I am partisan and constantly wavering between being proud and ashamed of the fact. When I am in a good mood I truly believe that most people want what's best for all people, and we just disagree on how to achieve it. I tend to side with one political party, but I try with all my might to look for the best intentions in the agendas of those with whom I disagree politically. Believe me, this suspension of contentiousness goes against all of my natural inclinations.

It is hard for me, but I do my best, which leaves me frustrated with those who won't at least try to be charitable in their discourse. Politicians get elected by fearmongering and mudslinging, playing to the worst parts of our nature. Our society and our government become about a Them - sometimes nameless, sometimes those who voted the "wrong" way, or "activist" judges, or "Kenyan" presidents - anyone who is out to get us. We should hate Them, defend ourselves from Them, target Them, maybe even destroy Them.

Coming under fire today (pun intended) was Sarah Palin. I try not to comment much on Sarah Palin, for a number of reasons. First, I honestly don't know where my general distaste for the far right ends and a legitimate critique of her begins. Also, I am sensitive to how rare her aggressiveness is in a female public figure, and I don't want to come down hard on someone with whom I disagree when she is demonstrating a brashness that I adopt myself. It was reading some excerpts from her recent book that convinced me of a mean-spiritedness in her public persona that is offensive and unhelpful.
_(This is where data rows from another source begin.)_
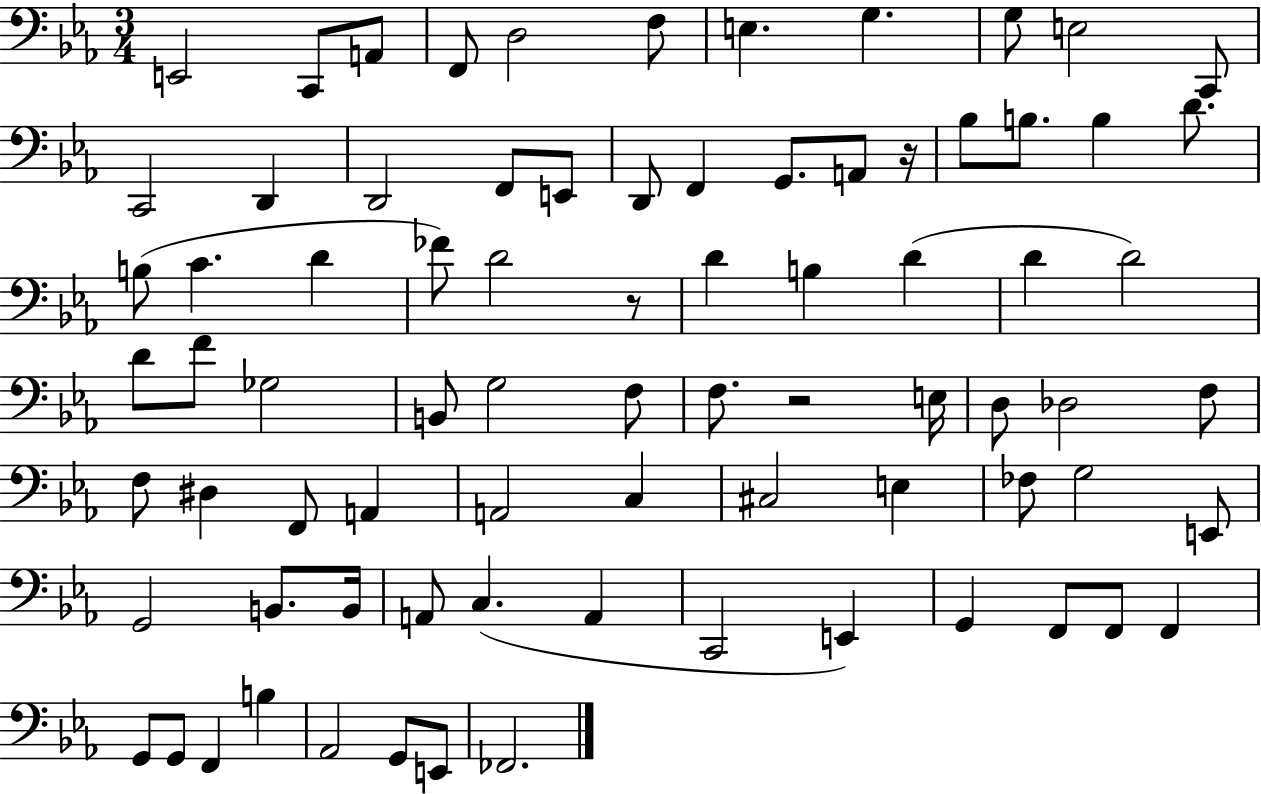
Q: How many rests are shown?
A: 3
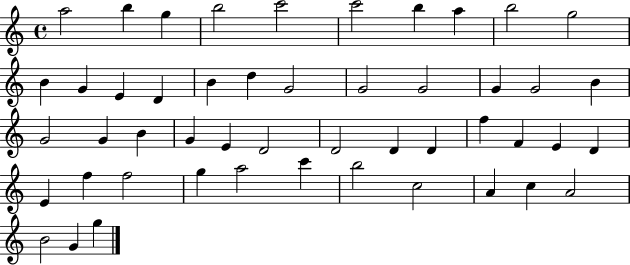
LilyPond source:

{
  \clef treble
  \time 4/4
  \defaultTimeSignature
  \key c \major
  a''2 b''4 g''4 | b''2 c'''2 | c'''2 b''4 a''4 | b''2 g''2 | \break b'4 g'4 e'4 d'4 | b'4 d''4 g'2 | g'2 g'2 | g'4 g'2 b'4 | \break g'2 g'4 b'4 | g'4 e'4 d'2 | d'2 d'4 d'4 | f''4 f'4 e'4 d'4 | \break e'4 f''4 f''2 | g''4 a''2 c'''4 | b''2 c''2 | a'4 c''4 a'2 | \break b'2 g'4 g''4 | \bar "|."
}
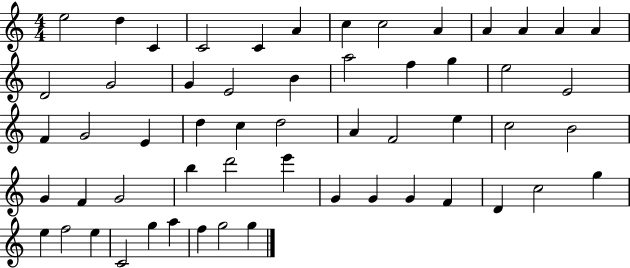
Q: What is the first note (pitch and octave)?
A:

We use politics as an excuse to be mean-spirited, and that us-vs-them lack of charity bleeds into our other interactions as well. That mindset in Christian circles will be the subject of another post. And while I don't expect politics to follow the same rules as faith, it would be nice if the ubiquitous lip-service paid to Christianity manifested in something other than a further widening of the imagined chasm between us and them.

1 comment:

  1. Brava! I appreciate this post very much. I will say that we don't really know the role that politics played--certainly a distortion occurred due to his clear mental illness. The story doesn't stop with him though. There was a person who posted the now famous "target" list on Sarah Palin's Facebook page with Rep. Giffords' name crossed out. Political rhetoric isn't filtered only to the sane, unfortunately, and I think we need to have an increased consciousness of the impact words can have--especially in our broken world. To be clear, I do not hold Sarah Palin responsible, but instead the callousness and vitriol that has taken over political discourse at large.